Dane-zaa group near Fort St. John 1914

Dane-zaa men near Fort St. John about 1910

          Frank had many stories to tell about his up-bringing and because of a couple of those stories I gave him and his father a cameo appearance in “The Making of Jake McTavish.”
          One of the stories he told was about he and several other young native men meeting in Grande Prairie, Alberta and signing up for service with the Royal Canadian Army in World War I. As I recall he said he thought he was the oldest of the lot and he would have been 21 or 22 when they took this eventful trip.
          I thought at the time that it must have been a monstrous cultural shock for these young men. Subsequent statements and responses to questions by Frank affirmed my suspicion but he was certainly not known for his talkative nature.
          I was thinking of it again recently and wrote the following rhyme, gave it to Karen and she took some of the bumps out of it.

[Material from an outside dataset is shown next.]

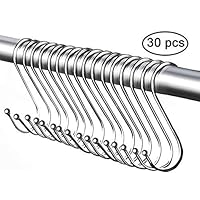 Greengoal 30 Pack Heavy Duty S Shaped Hooks, Rustproof Sliver Finish Steel Hooks Hangers for Kitchenware Pots Utensils Clothes Bags Towels Plants, Silver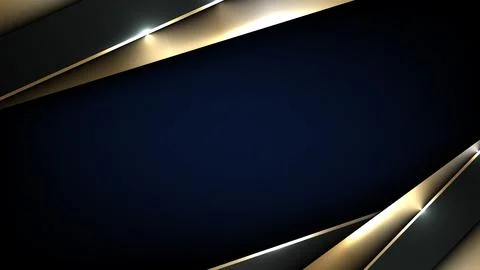Luxury abstract background with elegant metallic gold and dark blue overlap.. Stockillustratie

Native Sons in World War One
By D.M. McGowan and K.L. McGowan
© 2019

Seventeen native boys left the Upper Peace
The only land they’d known, all in their teens.
They’d all grown up wild out among the trees.
Knew where to find pelts, beaver ponds or streams.
They hunted for their supper, trap or single shot
And only their mothers gave safety a fleeting thought

After two hundred years of Scott and Fleur de Lis
They knew some other talk, sometimes two or three,
English, French and German were spoken in the land,
And whatever tongue was spoken by their particular band
Some of them could read and write more than just their name
But the army didn’t care, green privates all the same

An amazing great adventure for young trapper men
From freedom of the wild to a Canadian Army pen
Across the land in trains, something never seen.
Mistreated by a Sergeant, but still bright and keen.
Dropped off in camps and marched around a square
“Dig some dirt from here and put it over there.”

On the trains again east to Canada’s Maritimes
March down to the docks in perfect double lines
Then up a gangplank to a big steel canoe
Then told to put their kit where you couldn’t fit a shoe
A dozen ships in convoy from the Bedford shore
But count on German U boats sinking two or more.

More camp time in England, weeks without the sun
Then finally sent to France to show them how it’s done
Trenches that collapse from rains that never end
Bodies on the wire or sprawled out in no man’s land.
All caked in mud, “Are they ours? Are they theirs?”
Days and weeks of boredom, then terror and despair.


Vimy Ridge, the Somme or maybe Regina Trench
Maybe English on the left other times the French
High Wood or Kitchener’s, Avion as well
With the Aussies at Gallipoli, some lived to tell
Passchendaele, Arras, knowing each the end
If not for the war, surely for the men

Metis, Cree and Dane a total of Seventeen
On a great adventure, young, naive and keen
But the Great War wasn’t a great place to learn
For seventeen go but only two returned.